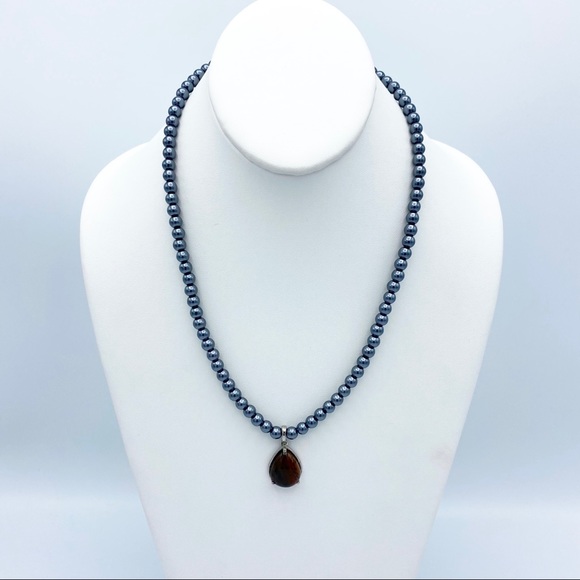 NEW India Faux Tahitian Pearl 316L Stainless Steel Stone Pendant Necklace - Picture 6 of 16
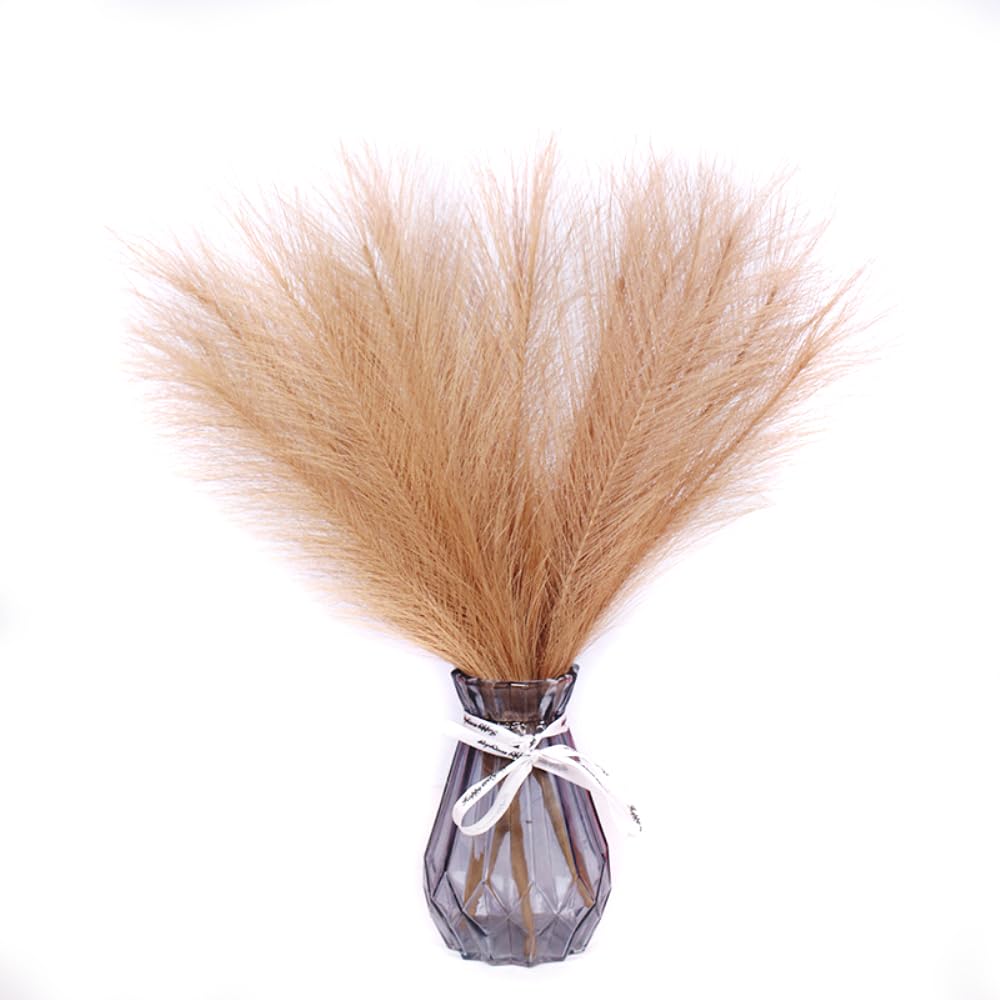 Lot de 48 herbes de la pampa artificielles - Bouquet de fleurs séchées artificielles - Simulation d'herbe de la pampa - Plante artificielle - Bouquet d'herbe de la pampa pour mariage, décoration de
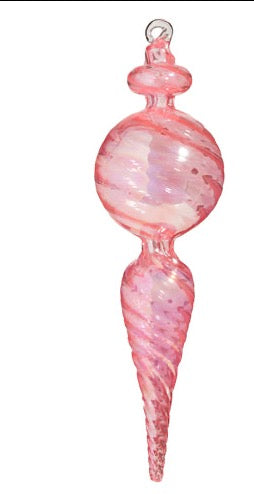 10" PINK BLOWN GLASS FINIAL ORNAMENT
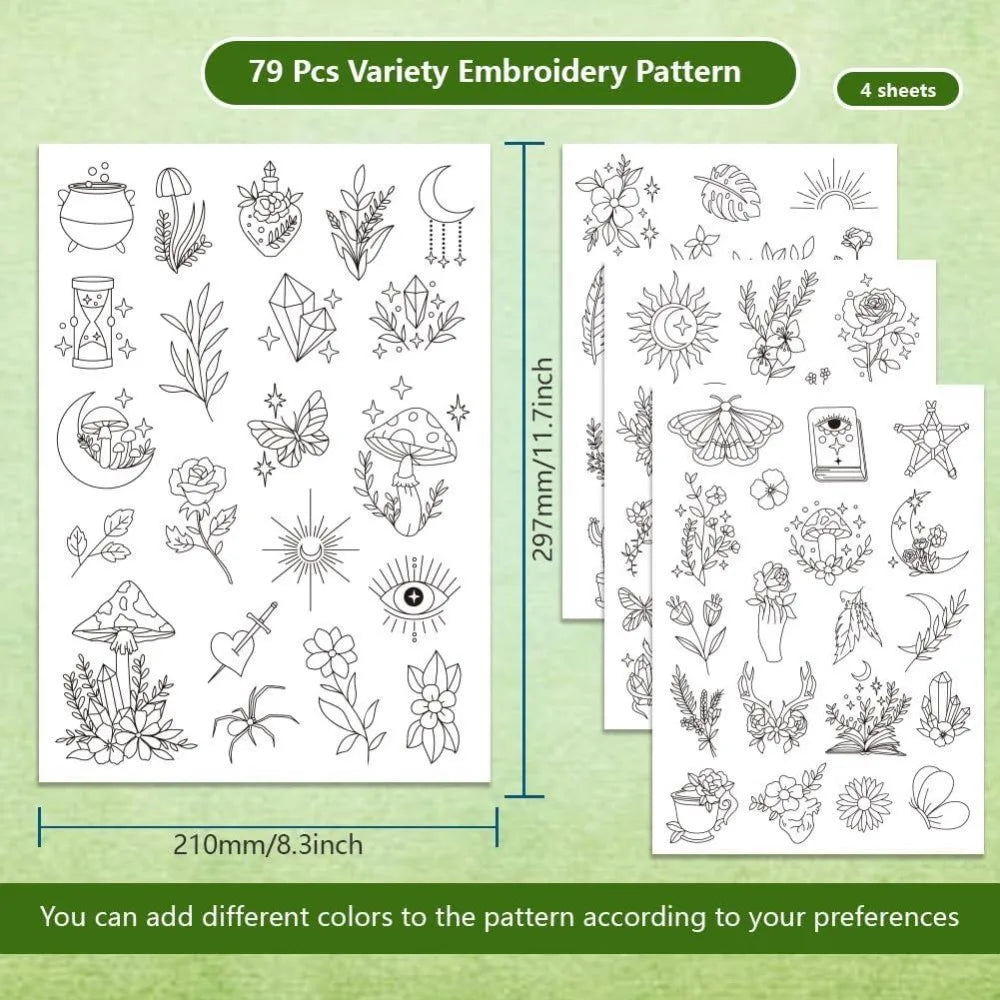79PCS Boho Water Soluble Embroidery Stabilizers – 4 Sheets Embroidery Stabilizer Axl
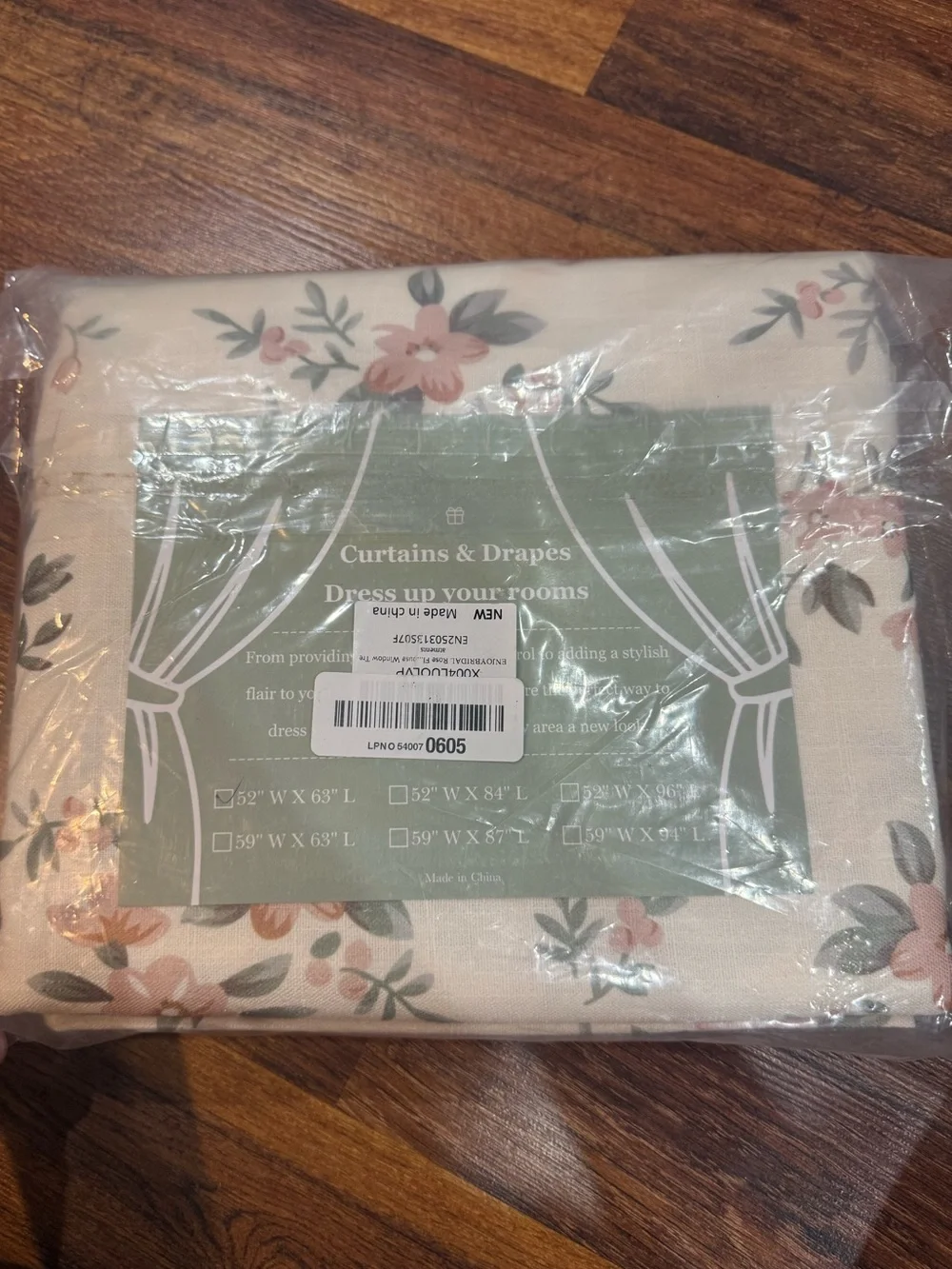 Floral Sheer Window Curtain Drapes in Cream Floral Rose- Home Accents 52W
* * *
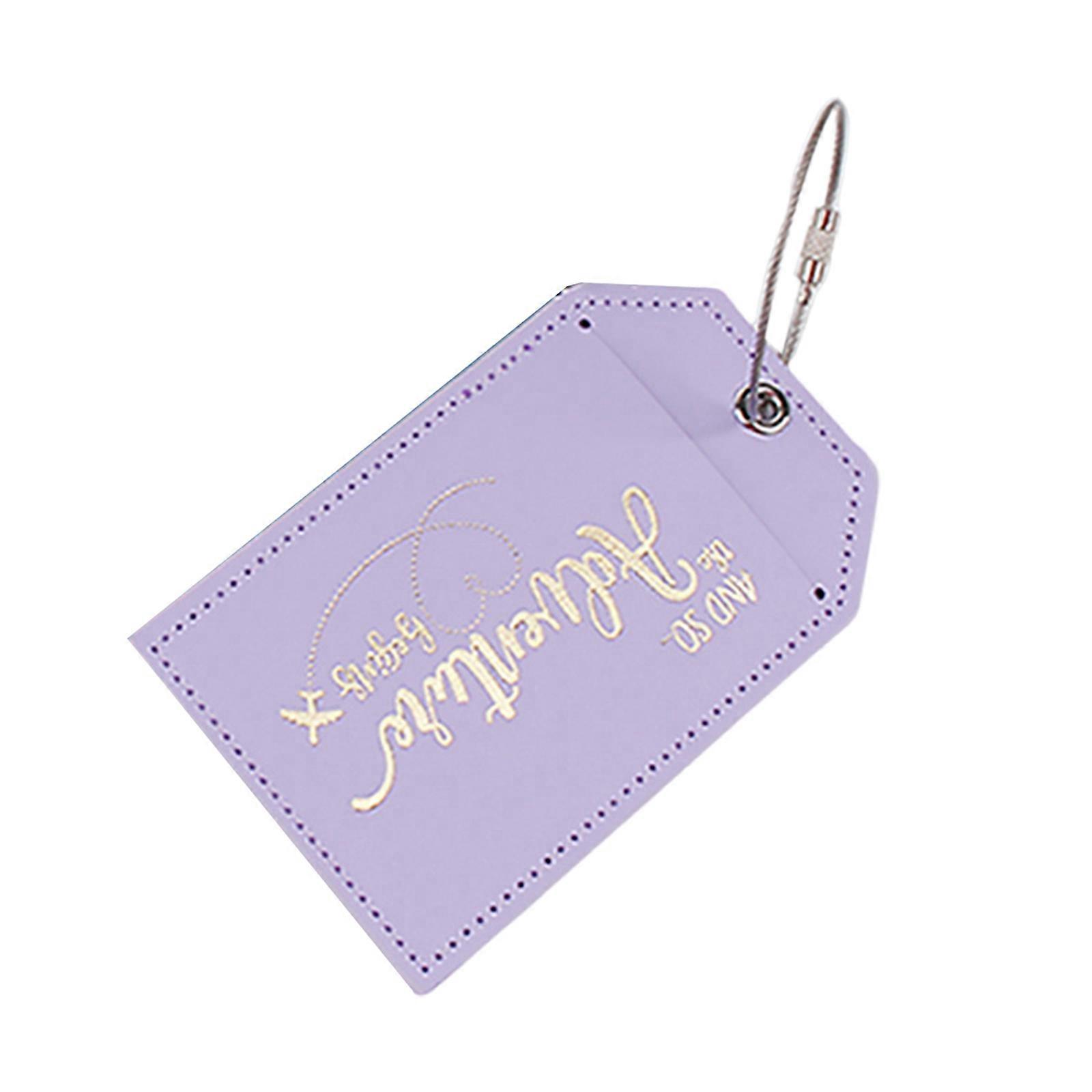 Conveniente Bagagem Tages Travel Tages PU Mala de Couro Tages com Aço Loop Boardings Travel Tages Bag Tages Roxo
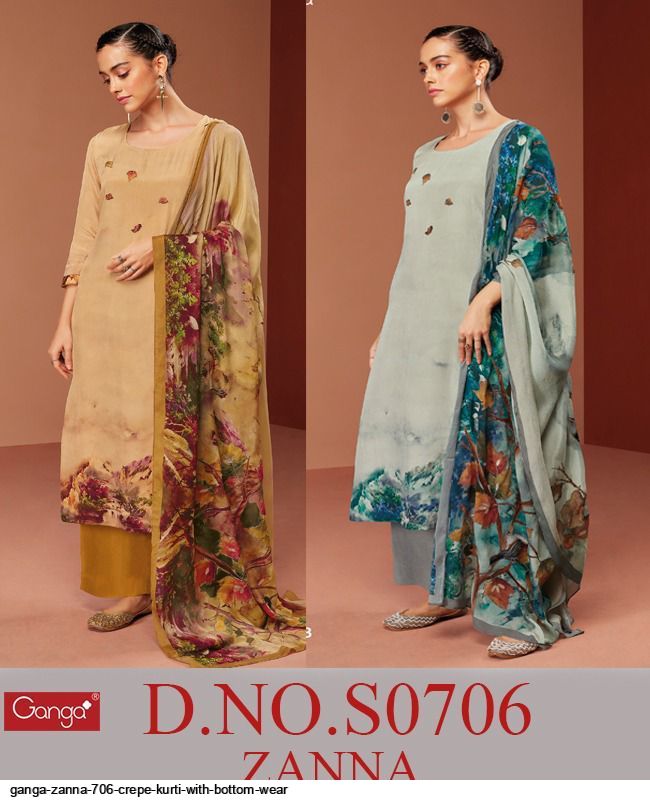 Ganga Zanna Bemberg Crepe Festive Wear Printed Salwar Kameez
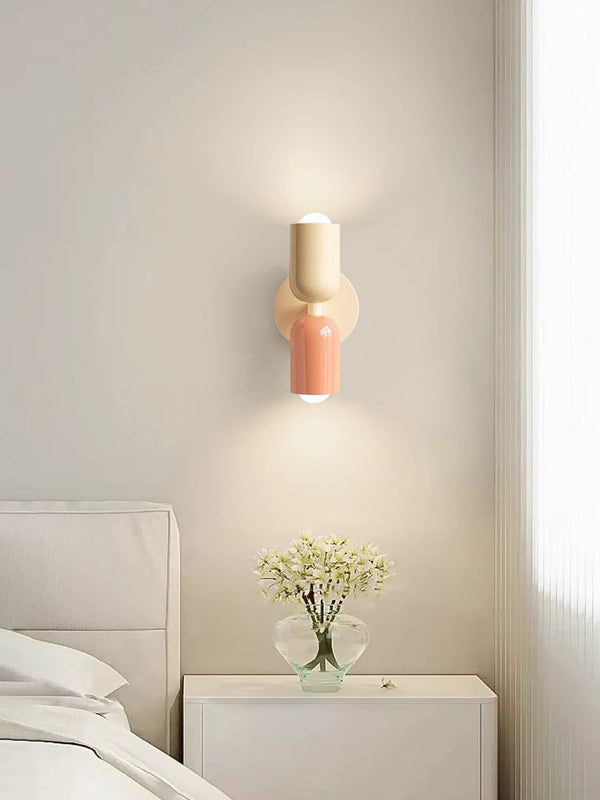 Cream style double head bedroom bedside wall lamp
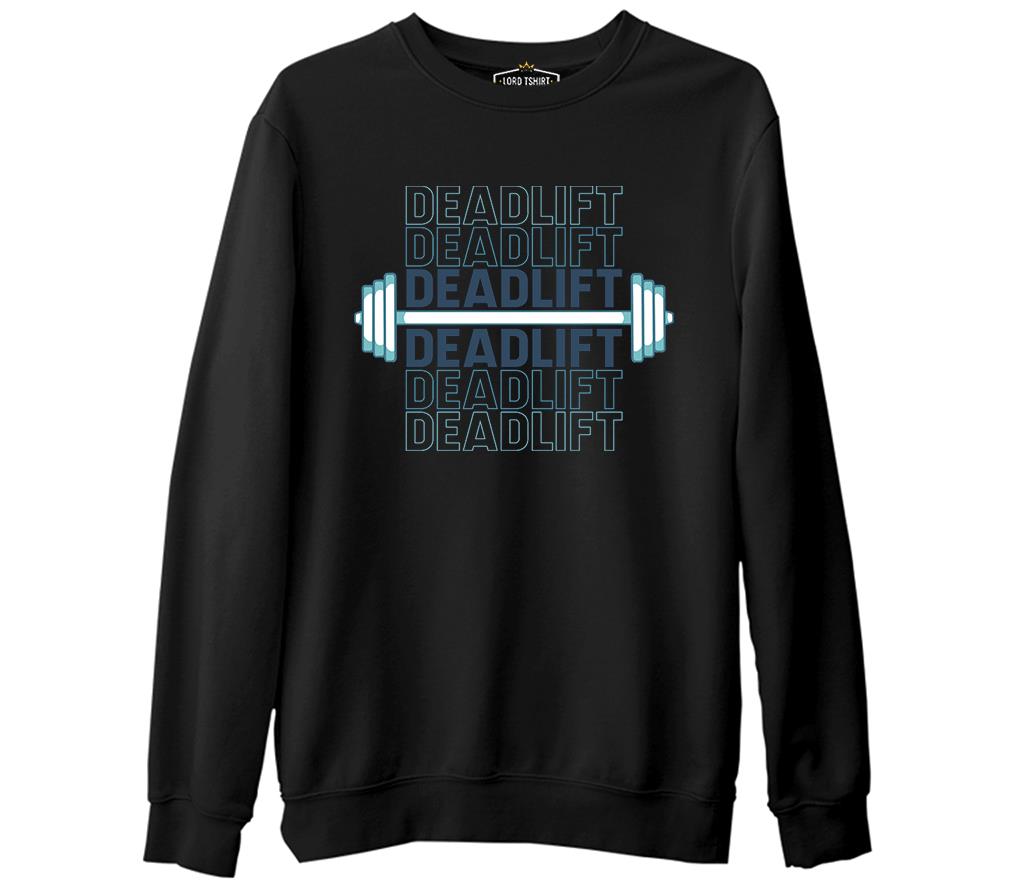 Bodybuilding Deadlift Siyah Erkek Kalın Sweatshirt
...
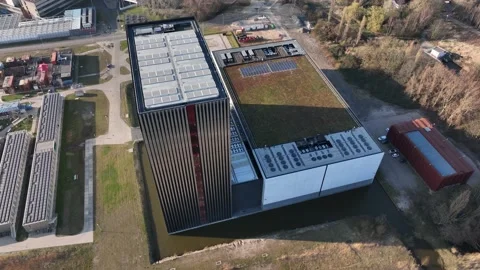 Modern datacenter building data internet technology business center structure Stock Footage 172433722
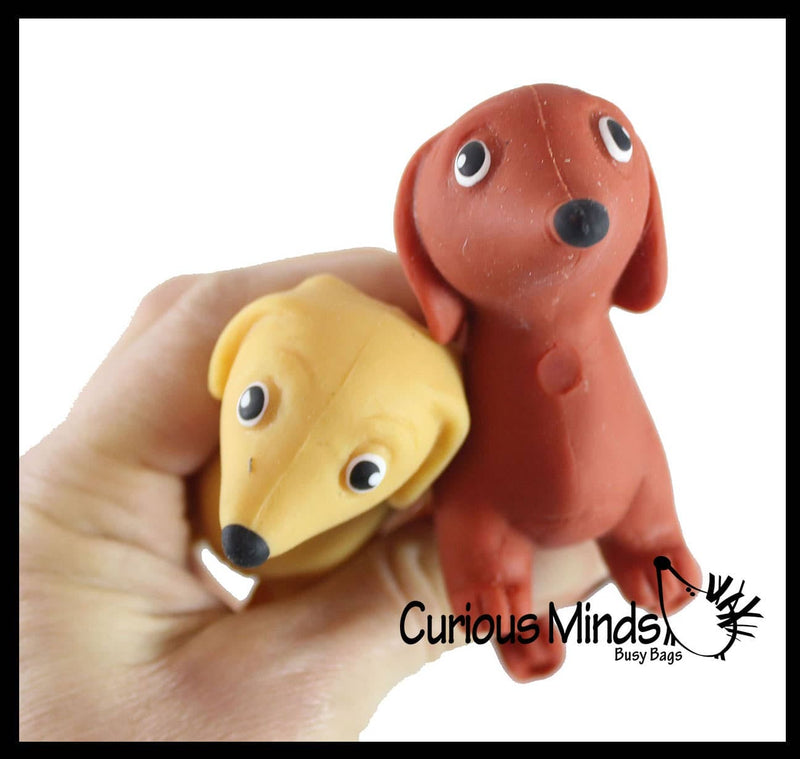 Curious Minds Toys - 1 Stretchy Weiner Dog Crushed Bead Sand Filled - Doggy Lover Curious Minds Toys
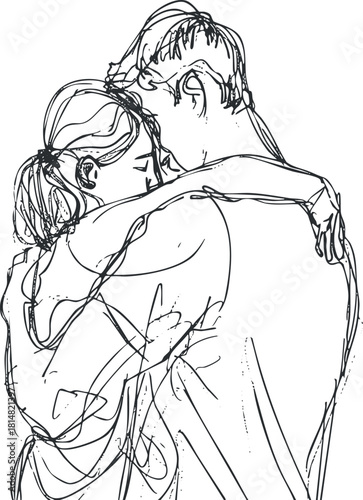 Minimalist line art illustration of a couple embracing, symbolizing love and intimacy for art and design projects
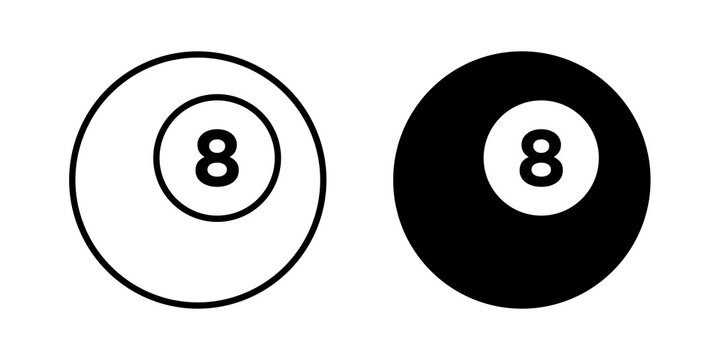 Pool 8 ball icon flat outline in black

### WORK INSTRUCTION
Go down the entries above from the line containing "Minimalist line art" to the line containing "Pool 8 ball icon flat outline in black" and write out each line exactly, leaving pictures out.

### SOLUTION
 Minimalist line art illustration of a couple embracing, symbolizing love and intimacy for art and design projects
 Pool 8 ball icon flat outline in black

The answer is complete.